Fluent in radiology: NLP method automatically extracts observations from mammo reports
A recent study demonstrated how successful natural language processing (NLP) systems can be at extracting imaging observations from free-text mammography reports, further closing the gap between unstructured report text and structured information extraction.
Published this month in the Journal of the American Medical Informatics Association, the research was led by Selen Bozkurt with the Akdeniz Unviersity Faculty of Medicine in Turkey.
Noting that radiology reports are narrative and unstructured, making it difficult to input contents into decision support systems, the team worked to develop NLP methods to recognize each lesion in free-text mammography reports and to extract corresponding relationships which would produce a complete information frame for each lesion.
Bozkurt and team noted that one method of reducing variation in reports is to standardize the vocabulary used in mammography reports, much like the adoption of the Breast Imaging-Reporting and Data System (BI-RADS).
The research team noted that NLP techniques for information extraction could acquire the structured information from reports needed to provide the inputs to decision support systems.
“The goal of this work is to develop and evaluate NLP methods to extract information on lesions and their corresponding imaging features (imaging observations with their modifiers) from free-text mammography reports, with the ultimate goal of providing inputs to [decision support systems] to guide radiology practice and to reduce variability in mammography interpretations,” Bozkurt and colleagues wrote.
A number of NLP systems have been developed previously for use in clinical records and these systems annotate syntactic, perform named entity recognition, map spans of text to concepts from a controlled vocabulary or ontology and identify the negation context of named entities.
“Our work tackles the challenge of recognizing mentions of breast lesions in mammography reports, extracting their relationships, and associating the extracted information with the respective lesions,” researchers wrote.
The team’s information extraction task focused on recognizing three types of named entities: imaging observations, their characteristics and anatomic locations of imaging observations while using BI-RADS controlled terminology.
The team tested their NLP method by using a set of 300 reports containing a total of 797 reported lesions.
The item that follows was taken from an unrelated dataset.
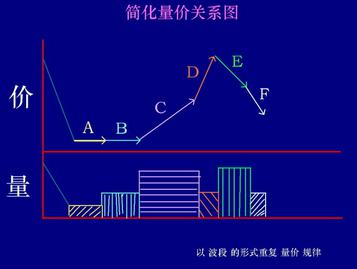 基本分析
In 102 of the reports, an expert mammographer noted a deficiency in the structured data entries in the reporting application database (where cases were duplicated, missed or deficient in reporting).
Only the structured data entries determined by the expert mammographer were used in assessing the performance of the team’s NLP system.
The research team’s NLP system detected 815 lesions. Of these, 780 were true positives, 35 were false positives, and 17 were false negatives (lesions reported in the original set of 300 that were not detected by the system).
There were 57 partially matched cases among the detected lesions. In addition, there were 12 cases where calcification type was not detected correctly and 8 cases where breast density was not detected.
For the goal of perfect match information frame extraction, the precision of extracting the mentions of Imaging Observations with their modifiers by the team’s NLP system was 94.9, recall was 90.9, and the F measure was 92.8.
“Our NLP system extracts each imaging observation and its characteristics from mammography reports,” Bozkurt and colleagues wrote. “Although our application focuses on the domain of mammography, we believe our approach can generalize to other domains and may narrow the gap between unstructured clinical report text and structured information extraction needed for data mining and decision support.”